There's full IPv6 support, improved SNMP v3 support, and over 8,500 MIBs with about 800,000 objects. Improving the already excellent layer 2 connectivity diagram is the support for EtherChannels (bonding of two to eight 1 Gbit/s or 10 Gbit/s links for bandwidth and redundancy) and link aggregation. You can configure up to 10 SMTP servers for sending notifications, also providing redundancy.
The ability to combine the status of various elements (services, sensors, and nodes) into a virtual node lets you view your IT environment as your business does, instead of as discrete elements you need tribal knowledge of to know how they're connected.
You can multiselect nodes and then add a service or change monitor settings across multiple nodes in one go. You can monitor RADIUS servers, and a new SSL certificate sensor will report on the expiration date of certificates along with other certificate properties. A test log sensor will pick up changes in a log file stored on Windows Server Message Block (SMB), FTP and HTTP (and their secure flavors), SSH, and SFTP protocols. A data file sensor can monitor any file on the same network access types.
Coming in 10.4 ^
The newest version 10.4 offers a new integration with Messagebird, new sensors for Dell, IBM, HP IPMI interfaces (and generic IPMI logs) on their servers as well as sensors for Docker containers, Dell EMC, and iNodes. There are 32 new monitoring packs for a variety of servers, uninterruptable power supplies (UPSs), and network-attached storage (NAS) devices, as well as improvements to existing monitoring packs.
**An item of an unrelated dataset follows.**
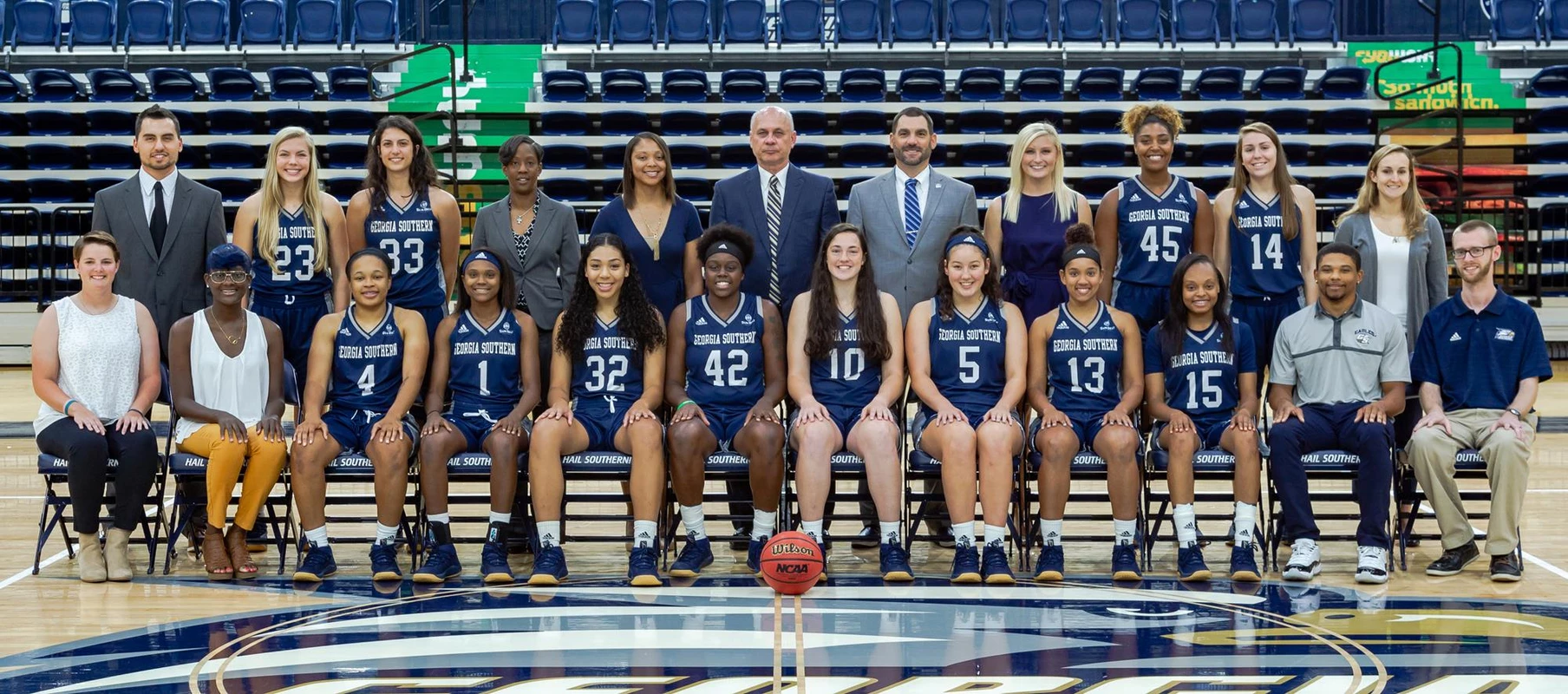 2018-19 WBB Team Photo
My one concern would be that NetCrunch focuses too much on on-premises technology (although there is some Amazon integration). The world is moving to the cloud, and while many larger businesses have a large footprint in their own datacenters today, most already have some workloads in public cloud. For NetCrunch to remain a good choice going forward, I think they need add more cloud monitoring, in particular for Azure.
However, for SMEs, NetCrunch is a good option. I really like the tool's wide coverage of things it "talks to." It's easy to set up, and configuration is mostly a walk in the park (with good guidance directly in the UI).